CPLDs readily replace precious µP resources

Damon E Domke, Design Engineer

Using CPLDs to offload your CPU lets you create a device that hits an effective performance and cost balance between the conflicting attributes of standard and custom parts.

If your system requires functions that would excessively burden your CPU, you may want to offload the function to external hardware comprising standard logic functions. However, you may find that available standard devices lack the precise combination of features you need, cannot handle the processing sequence you have, or have too many features and thus are too costly. Meanwhile, a custom design requires too much time and uncertainty.

As an alternative, consider using a CPLD, a standard device that you can customize via design software. Just as firmware allows a standard µP to perform many functions, the programmability of a CPLD makes it ideal for producing many logic functions from one standard device.

Each CPLD macrocell can assume one of several logic functions. Beyond this capability, the modular structure of the CPLD macrocell allows you to assemble many configurations by linking together several macrocells. Furthermore, programming the CPLD is rapid, so you can quickly create and edit entire logic structures. CPLDs have enough logic density with one package to accomplish fairly complex tasks.

Characters are complex

The easiest way to see how and what a CPLD can do is to use an example, such as a character-imager (CI) design. The CI, a subblock of a larger device, reads input data in one format, translates that format to the output-display format, and sends it to the output-display device.
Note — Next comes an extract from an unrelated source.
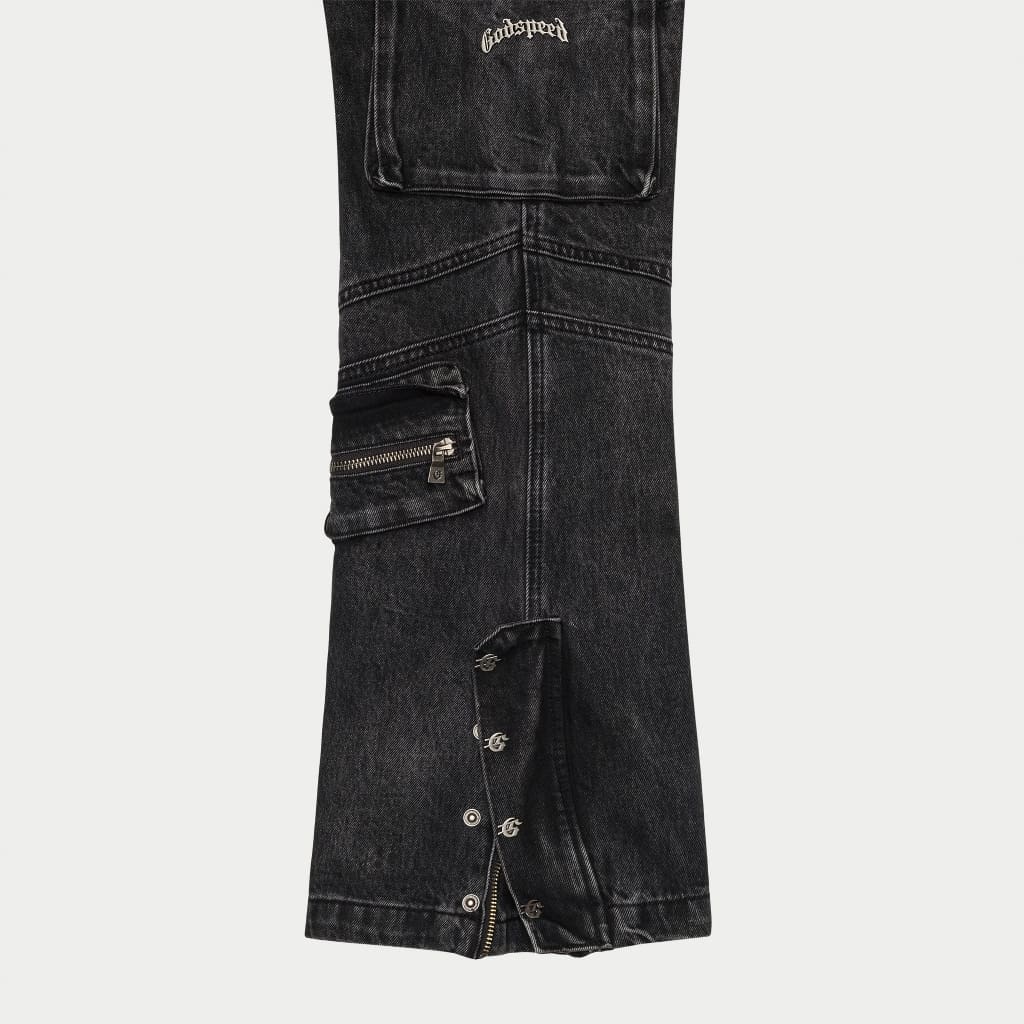 Rockstar Flare Cargo Denim (Black Wash)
The global functions of the CI are fairly straightforward (Figure 1). The imager receives data from an RS-232C line and separates the data into host-control commands and raw data characters. The imager uses the combination of these two host data types to map the incoming characters to a valid output matrix space, as they should appear on the final display device. The imager then converts data from this output-matrix space to a serial bit stream for each pixel line. Finally, the CI clocks out these serial bit streams--one row of pixels at a time--to the display device. The main constraints of this project are low overall cost, rapid time to production, fast character processing, and small physical design.
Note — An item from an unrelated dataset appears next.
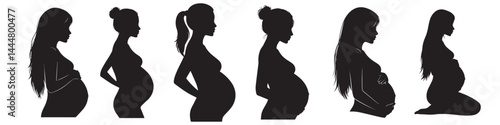 Pregnancy silhouettes showing stages woman body changes. Pregnancy development icons pregnancy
The transform function that maps the incoming characters to the output space, the parallel-to-serial converter, and the serial shifter require the most attention because they have the biggest resource-allocation problems. You base your design-resource requirements on the design functions, and you can implement these functions in one of two ways. Therefore, you can split resource re-quirements into two design methods.

In Design A, a standard UART processes the RS-232C data (Table 1). The main processor handles the entire input-data to an output bit-stream transform function. A standard synchronous serial port clocks the output pixel data to the display device.
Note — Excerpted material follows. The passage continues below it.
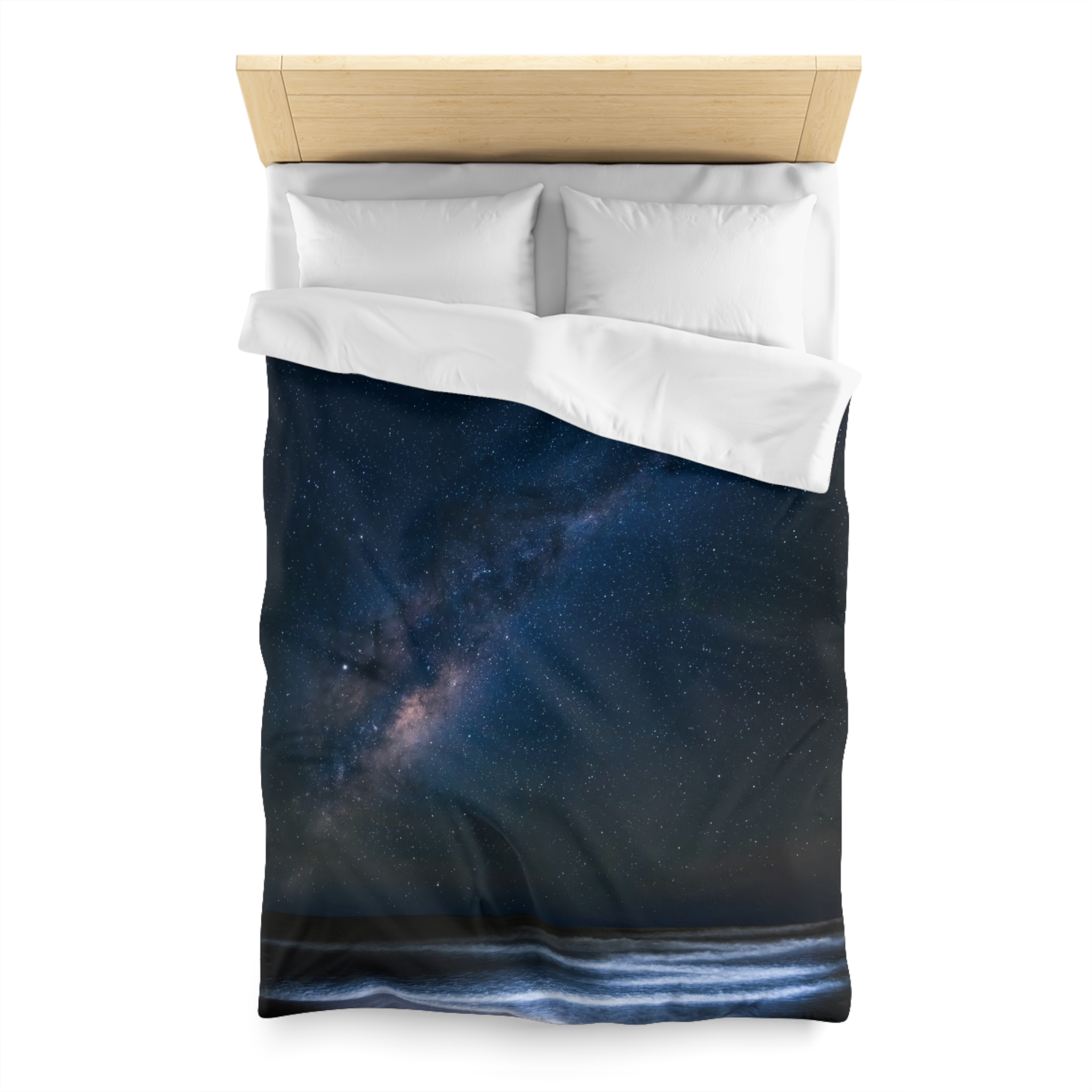 Cosmic Ocean Duvet Cover - Starry-Night Horizon Glow - Image 2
In Design B, a standard UART processes the RS-232C data, and the main processor handles only a portion of the input-data to an output bit-stream transform function (Table 2). This function maps the input data to intermediate entities with attributes and variable sizes. A variable-length parallel-to-serial converter then uses the entity information to clock the processor output data to the display device.

Method B has these requirements because the incoming characters may have upside-down, scaled, inverted, and similar attributes that the µP must process in real time. Also, the output serial stream must be an exact pixel-per-pixel representation of the output image. The biggest difference between designs A and B is the amount of formatting that the µP must do to place the output data in a form suitable for the synchronous-output serial port. Because bit-manipulation instructions are time-intensive in a µP, you can save considerable time by using a synchronous-output serial port that can handle variable length character sizes.

Resources: not always available

The high-speed µP in Design A was too expensive to meet the stringent price constraint of the CI example. For Design B, the variable-length parallel-to-serial converter is not available on any standard µP that meets the design constraints of this project. To find what design would work, first look at the functions that have easy-to-find resource requirements. The pixel-mapping transform function has easy resource requirements, which you can meet with a moderate-speed µP and a moderate amount of SRAM. This design will work only if you keep the transform function less computationally intensive and leave the pixel-to-bit processing for the parallel-to-serial converter to perform.

However, significant problems arise when you are searching for the required variable-length parallel-to-serial converter. Most standard synchronous serial ports on µPs transmit a fixed number of bits at once. These ports simply accept 8 bits in parallel as an input and start automatically clocking out the bits. This technique is unsurprising because most applications need a synchronous serial port that can support this function.

When you analyze the critical portions of the image-transform function, you find that the slowest part is handling every single pixel and aligning all pixels into an 8-bit memory location. By changing the pixel-mapping algorithm to an object-manufacturing algorithm, you can alleviate the problem of the µP's shifting and storing bits, which it does inefficiently. This approach allows you to redefine the parallel-to-serial converter and the output serial shifter into a new function, the variable-length parallel-to-serial (VLPS) function.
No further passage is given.